Thread: How do I change the server encoding?
I have a server that has LATIN1 encoding. I want to convert it to run UTF encoding. How do I do that? Simply changing the encoding in a dump file does not work.
On Mon, 24 Feb 2003, Joseph Shraibman wrote: > I have a server that has LATIN1 encoding. I want to convert it to run UTF encoding. How > do I do that? Simply changing the encoding in a dump file does not work. So have you done both of these: - dropped and recreated your db with encoding 'utf-8' - converted your dumps to utf-8 or added set client_encoding to 'latin1' in the dumps -- Antti Haapala
Hello I have the same question that Joseph Shraibman. I have dump the db, created a new db with utf-8 encoding My database should be transform from SQL_ASCII to utf-8 I have added that line to my dumps: SET CLIENT_ENCODING TO 'SQL_ASCII'; Now when I load the dump into my db, I get that error on tables with text: psql:tcom-database.sql:7111: ERROR: copy: line 1, Invalid UNICODE character sequence found (0xe96500) psql:tcom-database.sql:7111: lost synchronization with server, resetting connection psql:tcom-database.sql:7409: ERROR: copy: line 1, Invalid UNICODE character sequence found (0xe97265) psql:tcom-database.sql:7409: lost synchronization with server, resetting connection psql:tcom-database.sql:7456: ERROR: copy: line 3, Invalid UNICODE character sequence found (0xe90007) psql:tcom-database.sql:7456: lost synchronization with server, resetting connection psql:tcom-database.sql:7468: ERROR: copy: line 6, Invalid UNICODE character sequence found (0xe97300) Any ideas? Thanks for your help. Philippe Kiener Le 25.2.2003 8:55, "Antti Haapala" <antti.haapala@iki.fi> wrote: > > On Mon, 24 Feb 2003, Joseph Shraibman wrote: > >> I have a server that has LATIN1 encoding. I want to convert it to run UTF >> encoding. How >> do I do that? Simply changing the encoding in a dump file does not work. > > So have you done both of these: > - dropped and recreated your db with encoding 'utf-8' > - converted your dumps to utf-8 or > added set client_encoding to 'latin1' in the dumps
Philippe Kiener writes: > My database should be transform from SQL_ASCII to utf-8 > > I have added that line to my dumps: > > SET CLIENT_ENCODING TO 'SQL_ASCII'; > > Now when I load the dump into my db, I get that error on tables with text: > > psql:tcom-database.sql:7111: ERROR: copy: line 1, Invalid UNICODE character > sequence found (0xe96500) The client encoding SQL_ASCII means that the data will be passed through unchanged. Try setting it to LATIN1. -- Peter Eisentraut peter_e@gmx.net
Peter Eisentraut wrote: > Philippe Kiener writes: > > >>My database should be transform from SQL_ASCII to utf-8 >> >>I have added that line to my dumps: >> >>SET CLIENT_ENCODING TO 'SQL_ASCII'; >> >>Now when I load the dump into my db, I get that error on tables with text: >> >>psql:tcom-database.sql:7111: ERROR: copy: line 1, Invalid UNICODE character >>sequence found (0xe96500) > > > The client encoding SQL_ASCII means that the data will be passed through > unchanged. Try setting it to LATIN1. > I tried with latin1 and it didn't work.

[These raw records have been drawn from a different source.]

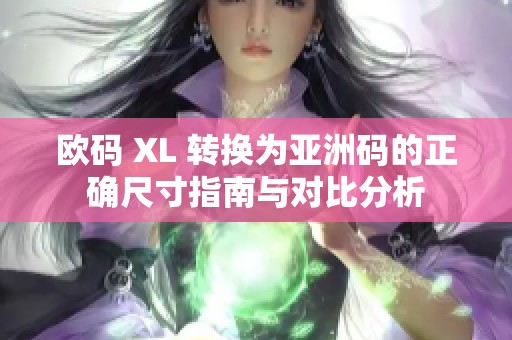 欧码 XL 转换为亚洲码的正确尺寸指南与对比分析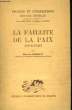 La faillite de la Paix (1918 - 1939). BAUMONT Maurice.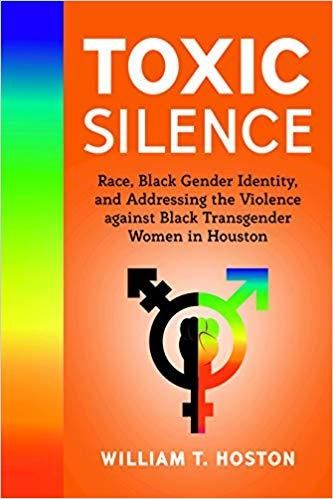 "Toxic Silence: Race, Black Gender Identity, and Addressing the Violence against Black Transgender Women in Houston," William T. Hoston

Joseph Shraibman wrote: After further experimenting I think the problem is in psql. When I try update mytable set firstname = 'Oné' where ukey = 12911; It works with a latin1 database, but when I try it on a unicode database: utfowl=# update mytable set firstname = 'Oné' where ukey = 12911; utfowl'# It thinks there is an open quote or something. This is even if I set the client encoding to be latin1. Of course dumps are read with the copy command but maybe it is the same problem.
On Tue, 25 Feb 2003, Joseph Shraibman wrote: > Peter Eisentraut wrote: > > Philippe Kiener writes: > >> > >>My database should be transform from SQL_ASCII to utf-8 > >> > >>I have added that line to my dumps: > >> > >>SET CLIENT_ENCODING TO 'SQL_ASCII'; > >> > >>Now when I load the dump into my db, I get that error on tables with text: > >> > >>psql:tcom-database.sql:7111: ERROR: copy: line 1, Invalid UNICODE character > >>sequence found (0xe96500) > > > > > > The client encoding SQL_ASCII means that the data will be passed through > > unchanged. Try setting it to LATIN1. > > > I tried with latin1 and it didn't work. Hmm... still caused errors? I think that because newer dumps have those \connects, you need to add explicit char set settings after all of those. The better way would be converting the whole dump with iconv, though. Iconv comes by default with many unixen. For example command iconv -f iso-8859-1 -t utf-8 < text_dump > text_dump_converted will convert your dump from latin1 to utf-8. -- Antti Haapala
Joseph Shraibman wrote: > Joseph Shraibman wrote: > After further experimenting I think the problem is in psql. When I try > update mytable set firstname = 'Oné' where ukey = 12911; > > It works with a latin1 database, but when I try it on a unicode database: > > utfowl=# update mytable set firstname = 'Oné' where ukey = 12911; > utfowl'# > > It thinks there is an open quote or something. This is even if I set > the client encoding to be latin1. Of course dumps are read with the > copy command but maybe it is the same problem. > I solved the problem. "set client_encoding = 'latin1';" does not work, but "\encoding latin1" does. I suggest that pg_dump put a "\encoding <encoding>" after every \connect in the dump. I would do this myself but I can't figure out where that is done in the dump program. I did modify pg_dump.c so the encoding used during the dump can be specified on the command line, but since that isn't what solved the problem I'm not sure there is a point to having it. Is anyone interested?